Segment Start: RECORDS PROVIDED

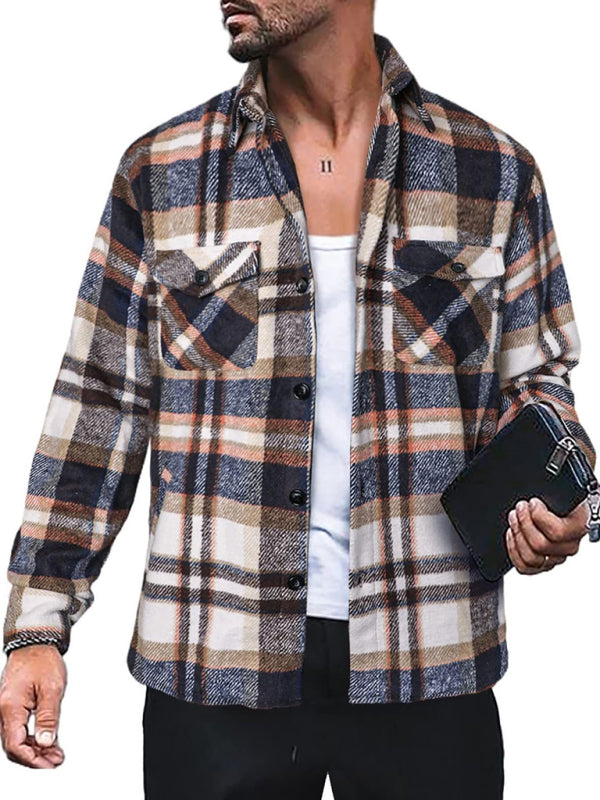 Men's Plaid Shirt Long Sleeve Button Down Casual Jacket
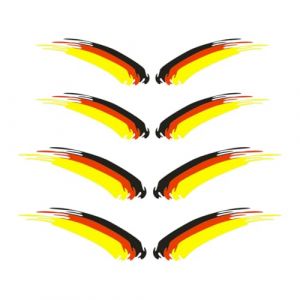 Autocollants Stickers Drapeau Allemand, 4 paires, Allemagne Racing Tuning, pour Véhicule Garde-Boue Côté Jupes Tronc Botte Hayon Porte Pare-Chocs Garde Fenêtres, Pour toute surface lisse (EUROEDI SPEDITION, neuf)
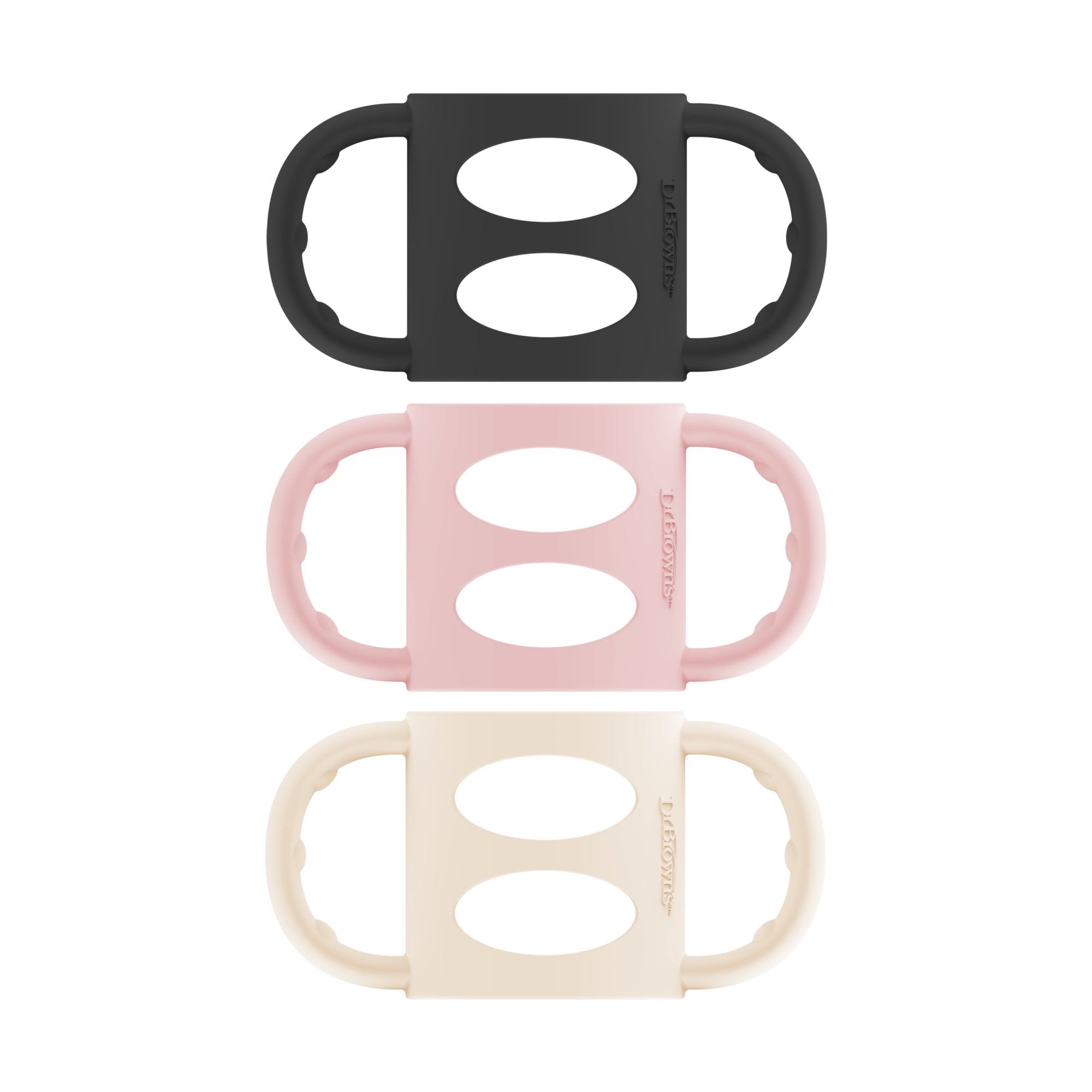 Dr. Brown's Milestones Narrow Baby Bottle Handles, 100% Silicone, Black/Ecru/Pink, 4 Months+, 3-Pack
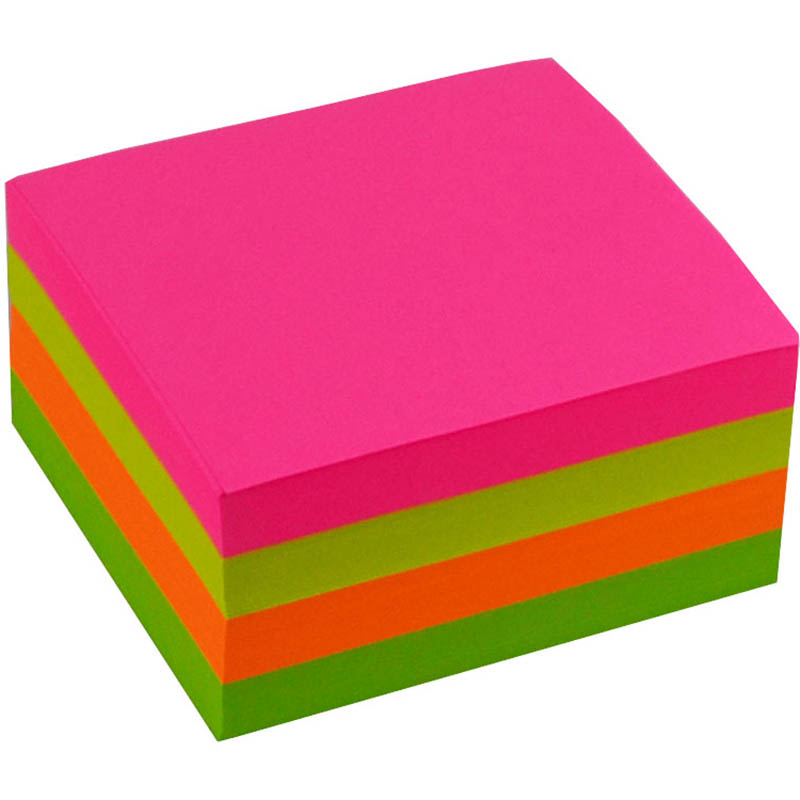 Image for ITALPLAST MEMO CUBE REFILL 500 SHEET 98 X 98MM ASSORTED NEON from Total Supplies Pty Ltd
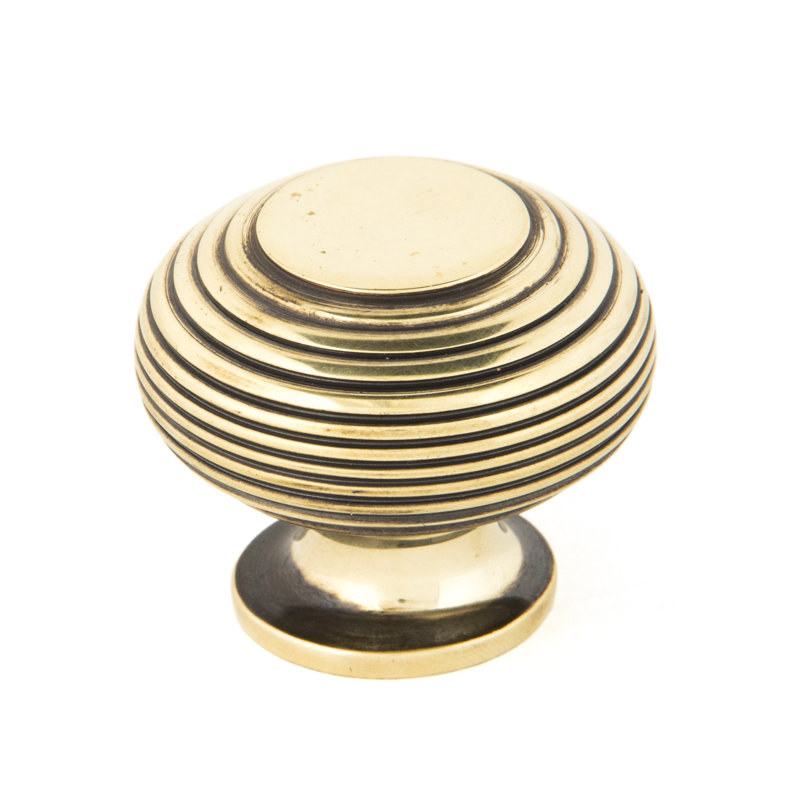 Beehive Cabinet Mushroom Knob, Aged Brass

Segment End: RECORDS PROVIDED

● **WHAT IS NEEDED**:
I'd like the records above given again exactly, please, without the pictures.

● **COMPLETED EXERCISE**:
 Men's Plaid Shirt Long Sleeve Button Down Casual Jacket
 Autocollants Stickers Drapeau Allemand, 4 paires, Allemagne Racing Tuning, pour Véhicule Garde-Boue Côté Jupes Tronc Botte Hayon Porte Pare-Chocs Garde Fenêtres, Pour toute surface lisse (EUROEDI SPEDITION, neuf)
 Dr. Brown's Milestones Narrow Baby Bottle Handles, 100% Silicone, Black/Ecru/Pink, 4 Months+, 3-Pack
 Image for ITALPLAST MEMO CUBE REFILL 500 SHEET 98 X 98MM ASSORTED NEON from Total Supplies Pty Ltd
 Beehive Cabinet Mushroom Knob, Aged Brass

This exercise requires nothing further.